A dipirona é indicada para animais com contraindicações a medicamentos anti-inflamatórios baseado nos poucos efeitos colaterais gastrointestinais (ou seja, gastrite, constipação), sem alterações hematológicas e qualquer potencial carcinogênico do tratamento em longo prazo (IMAGAWA et al, 2011).

Por ser um derivado fenólico, a dipirona é metabolizada lentamente em gatos, levando à intoxicação em doses elevadas (SOUZA; AMORIM, 2008), porém em doses e intervalos adequados pode ser administrada com segurança (ARAUJO et al., 2000).

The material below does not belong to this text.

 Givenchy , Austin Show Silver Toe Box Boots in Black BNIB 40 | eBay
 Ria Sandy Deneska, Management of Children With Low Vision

Em cães, um estudo anterior mostrou uma analgesia bem sucedida fornecida pela dipirona como medicação de resgate no período pós-operatório de maxilectomia ou mandibulectomia em 13/14 casos (MARTINS et al., 2010). Alívio adequado da dor pós-operatória foi também observada nas cadelas submetidas à OSH eletiva tratadas por via intravenosa com 25 ou 35 mg/kg de dipirona e não foram observadas alterações hematológicas, renais, hepáticas ou clínicas após 2 dias de tratamento (IMAGAWA et al., 2011). Nenhuma agranulocitose foi observada no presente estudo e assim o benefício clínico prevaleceu sobre este risco incomum. O estudo de Zanuzzo e seus colaboradores (2015b) demonstrou que, a dipirona promove melhor analgesia pós-operatória em cadelas submetidas à OSH eletiva quando comparado ao meloxicam e que, se associada a este AINE, apresenta maiores benefícios quanto ao controle de dor. Entretanto a dipirona inibiu a agregação plaquetária por 3 horas após a administração intravenosa enquanto o meloxicam quando associado à dipirona, prolongou esta inibição por até 5 horas enquanto o uso do meloxicam não alterou a função plaquetária (ZANUZZO et al., 2015b).